Material to process>
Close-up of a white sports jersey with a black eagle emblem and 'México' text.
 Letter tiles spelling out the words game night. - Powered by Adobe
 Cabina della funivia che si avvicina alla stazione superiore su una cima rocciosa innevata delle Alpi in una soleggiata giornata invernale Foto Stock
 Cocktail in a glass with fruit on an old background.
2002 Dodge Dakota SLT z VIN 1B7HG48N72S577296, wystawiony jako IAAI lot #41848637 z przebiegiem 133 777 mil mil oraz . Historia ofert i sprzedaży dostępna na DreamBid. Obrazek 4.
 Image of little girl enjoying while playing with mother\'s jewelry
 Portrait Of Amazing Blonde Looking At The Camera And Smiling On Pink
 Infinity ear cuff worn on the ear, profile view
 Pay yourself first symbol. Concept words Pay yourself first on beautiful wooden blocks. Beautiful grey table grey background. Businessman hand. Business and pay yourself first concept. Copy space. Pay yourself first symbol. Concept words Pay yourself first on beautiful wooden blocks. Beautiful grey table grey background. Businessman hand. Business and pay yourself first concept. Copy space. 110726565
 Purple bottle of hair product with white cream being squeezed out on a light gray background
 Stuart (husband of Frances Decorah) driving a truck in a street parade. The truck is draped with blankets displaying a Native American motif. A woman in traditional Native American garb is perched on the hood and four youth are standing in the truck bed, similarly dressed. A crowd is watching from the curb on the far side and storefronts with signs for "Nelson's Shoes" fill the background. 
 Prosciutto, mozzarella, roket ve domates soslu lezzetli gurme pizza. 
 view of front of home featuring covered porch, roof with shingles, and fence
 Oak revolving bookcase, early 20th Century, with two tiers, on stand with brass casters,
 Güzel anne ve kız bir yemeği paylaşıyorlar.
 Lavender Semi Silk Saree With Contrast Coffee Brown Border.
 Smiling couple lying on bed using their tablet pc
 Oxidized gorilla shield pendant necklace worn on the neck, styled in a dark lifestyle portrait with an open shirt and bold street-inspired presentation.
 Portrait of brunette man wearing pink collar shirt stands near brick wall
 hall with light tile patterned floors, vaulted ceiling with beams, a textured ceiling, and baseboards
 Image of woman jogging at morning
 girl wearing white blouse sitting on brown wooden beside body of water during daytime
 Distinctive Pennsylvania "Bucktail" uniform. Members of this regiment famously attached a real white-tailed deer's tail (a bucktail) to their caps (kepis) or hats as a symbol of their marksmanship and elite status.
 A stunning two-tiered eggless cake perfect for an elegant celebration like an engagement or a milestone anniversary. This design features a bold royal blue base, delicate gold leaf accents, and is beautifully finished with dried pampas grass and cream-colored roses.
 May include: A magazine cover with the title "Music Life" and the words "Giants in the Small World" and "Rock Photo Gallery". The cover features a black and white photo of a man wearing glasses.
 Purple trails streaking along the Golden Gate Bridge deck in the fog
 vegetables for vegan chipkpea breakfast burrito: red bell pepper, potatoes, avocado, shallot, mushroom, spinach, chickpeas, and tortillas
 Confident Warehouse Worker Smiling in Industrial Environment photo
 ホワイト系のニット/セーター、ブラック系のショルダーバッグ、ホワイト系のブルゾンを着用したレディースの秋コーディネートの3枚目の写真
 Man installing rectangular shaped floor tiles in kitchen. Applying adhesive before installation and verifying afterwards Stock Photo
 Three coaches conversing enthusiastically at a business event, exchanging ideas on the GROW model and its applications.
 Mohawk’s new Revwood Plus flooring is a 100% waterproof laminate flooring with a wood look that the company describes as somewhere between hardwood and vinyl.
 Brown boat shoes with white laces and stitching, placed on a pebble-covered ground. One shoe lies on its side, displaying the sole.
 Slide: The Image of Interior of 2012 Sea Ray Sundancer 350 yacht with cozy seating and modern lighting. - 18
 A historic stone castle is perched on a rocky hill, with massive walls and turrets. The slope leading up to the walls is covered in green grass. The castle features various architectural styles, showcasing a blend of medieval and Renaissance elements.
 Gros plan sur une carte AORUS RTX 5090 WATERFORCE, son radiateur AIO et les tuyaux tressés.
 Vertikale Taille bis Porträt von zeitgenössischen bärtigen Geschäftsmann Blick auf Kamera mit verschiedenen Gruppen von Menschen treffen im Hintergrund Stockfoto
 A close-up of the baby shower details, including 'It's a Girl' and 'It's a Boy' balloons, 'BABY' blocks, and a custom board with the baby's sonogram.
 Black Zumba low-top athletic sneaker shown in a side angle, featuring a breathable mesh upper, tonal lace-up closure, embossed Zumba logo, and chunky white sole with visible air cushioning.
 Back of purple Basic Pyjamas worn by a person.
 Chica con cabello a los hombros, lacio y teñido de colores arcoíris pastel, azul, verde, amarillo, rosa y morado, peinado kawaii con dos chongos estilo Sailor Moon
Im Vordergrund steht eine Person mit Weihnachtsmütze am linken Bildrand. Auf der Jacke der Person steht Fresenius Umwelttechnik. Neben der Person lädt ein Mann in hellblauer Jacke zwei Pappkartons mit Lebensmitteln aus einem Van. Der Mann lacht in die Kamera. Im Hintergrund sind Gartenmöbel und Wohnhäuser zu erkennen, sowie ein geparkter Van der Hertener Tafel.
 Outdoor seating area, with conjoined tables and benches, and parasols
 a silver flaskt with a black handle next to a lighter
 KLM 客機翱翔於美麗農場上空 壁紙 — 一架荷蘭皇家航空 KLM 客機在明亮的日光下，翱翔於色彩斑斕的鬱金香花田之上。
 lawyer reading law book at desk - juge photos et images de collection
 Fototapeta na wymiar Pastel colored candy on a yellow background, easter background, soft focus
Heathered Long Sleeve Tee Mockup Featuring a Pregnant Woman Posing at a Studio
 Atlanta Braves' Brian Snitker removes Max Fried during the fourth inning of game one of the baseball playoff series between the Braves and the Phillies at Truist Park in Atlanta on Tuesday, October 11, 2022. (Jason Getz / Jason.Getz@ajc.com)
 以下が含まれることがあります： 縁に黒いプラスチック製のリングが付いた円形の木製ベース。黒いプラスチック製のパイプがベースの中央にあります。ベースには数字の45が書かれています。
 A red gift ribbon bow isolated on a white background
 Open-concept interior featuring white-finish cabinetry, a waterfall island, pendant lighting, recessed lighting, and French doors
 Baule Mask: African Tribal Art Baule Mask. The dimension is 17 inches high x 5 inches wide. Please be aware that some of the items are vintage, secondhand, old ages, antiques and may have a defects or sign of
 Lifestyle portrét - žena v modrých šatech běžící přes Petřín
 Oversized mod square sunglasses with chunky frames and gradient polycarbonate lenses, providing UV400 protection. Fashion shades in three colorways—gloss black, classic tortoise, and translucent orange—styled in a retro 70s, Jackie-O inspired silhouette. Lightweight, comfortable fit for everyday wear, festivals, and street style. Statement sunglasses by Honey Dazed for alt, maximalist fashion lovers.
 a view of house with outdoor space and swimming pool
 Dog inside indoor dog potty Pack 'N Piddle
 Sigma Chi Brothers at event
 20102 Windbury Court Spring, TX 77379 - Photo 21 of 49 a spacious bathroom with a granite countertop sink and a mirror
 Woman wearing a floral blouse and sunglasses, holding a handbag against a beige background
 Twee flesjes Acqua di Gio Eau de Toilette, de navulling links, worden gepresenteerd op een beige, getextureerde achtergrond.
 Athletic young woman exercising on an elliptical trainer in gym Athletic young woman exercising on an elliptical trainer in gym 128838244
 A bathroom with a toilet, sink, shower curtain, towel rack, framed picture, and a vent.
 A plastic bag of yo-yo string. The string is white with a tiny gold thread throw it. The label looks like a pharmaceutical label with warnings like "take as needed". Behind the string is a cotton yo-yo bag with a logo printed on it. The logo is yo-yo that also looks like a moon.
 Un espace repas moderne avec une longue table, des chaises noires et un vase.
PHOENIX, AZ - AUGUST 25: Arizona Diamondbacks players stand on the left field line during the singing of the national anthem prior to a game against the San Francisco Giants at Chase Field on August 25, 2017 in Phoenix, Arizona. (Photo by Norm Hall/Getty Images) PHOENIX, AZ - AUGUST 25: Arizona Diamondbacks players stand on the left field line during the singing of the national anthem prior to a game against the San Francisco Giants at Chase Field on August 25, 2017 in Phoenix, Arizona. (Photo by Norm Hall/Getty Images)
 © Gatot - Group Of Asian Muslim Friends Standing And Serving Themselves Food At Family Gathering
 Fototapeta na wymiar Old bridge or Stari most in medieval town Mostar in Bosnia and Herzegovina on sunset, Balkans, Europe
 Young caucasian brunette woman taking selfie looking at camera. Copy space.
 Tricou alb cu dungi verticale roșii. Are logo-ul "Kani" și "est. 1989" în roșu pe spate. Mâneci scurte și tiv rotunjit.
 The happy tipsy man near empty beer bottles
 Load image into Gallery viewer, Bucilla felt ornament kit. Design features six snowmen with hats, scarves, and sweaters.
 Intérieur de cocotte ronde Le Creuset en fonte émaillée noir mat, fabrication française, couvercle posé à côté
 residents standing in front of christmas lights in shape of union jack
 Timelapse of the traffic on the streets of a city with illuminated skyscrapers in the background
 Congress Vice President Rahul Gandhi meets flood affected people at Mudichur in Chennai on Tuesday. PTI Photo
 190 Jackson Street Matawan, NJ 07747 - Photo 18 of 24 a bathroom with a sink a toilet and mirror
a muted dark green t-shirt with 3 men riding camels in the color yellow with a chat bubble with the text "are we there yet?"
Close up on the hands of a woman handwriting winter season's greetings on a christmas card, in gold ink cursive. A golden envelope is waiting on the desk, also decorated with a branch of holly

Required action>
Reproduce exactly the entries above, limited to the lines from the one with "Purple trails streaking" through the one with "Vertikale Taille bis", both included.

Solved problem>
 Purple trails streaking along the Golden Gate Bridge deck in the fog
 vegetables for vegan chipkpea breakfast burrito: red bell pepper, potatoes, avocado, shallot, mushroom, spinach, chickpeas, and tortillas
 Confident Warehouse Worker Smiling in Industrial Environment photo
 ホワイト系のニット/セーター、ブラック系のショルダーバッグ、ホワイト系のブルゾンを着用したレディースの秋コーディネートの3枚目の写真
 Man installing rectangular shaped floor tiles in kitchen. Applying adhesive before installation and verifying afterwards Stock Photo
 Three coaches conversing enthusiastically at a business event, exchanging ideas on the GROW model and its applications.
 Mohawk’s new Revwood Plus flooring is a 100% waterproof laminate flooring with a wood look that the company describes as somewhere between hardwood and vinyl.
 Brown boat shoes with white laces and stitching, placed on a pebble-covered ground. One shoe lies on its side, displaying the sole.
 Slide: The Image of Interior of 2012 Sea Ray Sundancer 350 yacht with cozy seating and modern lighting. - 18
 A historic stone castle is perched on a rocky hill, with massive walls and turrets. The slope leading up to the walls is covered in green grass. The castle features various architectural styles, showcasing a blend of medieval and Renaissance elements.
 Gros plan sur une carte AORUS RTX 5090 WATERFORCE, son radiateur AIO et les tuyaux tressés.
 Vertikale Taille bis Porträt von zeitgenössischen bärtigen Geschäftsmann Blick auf Kamera mit verschiedenen Gruppen von Menschen treffen im Hintergrund Stockfoto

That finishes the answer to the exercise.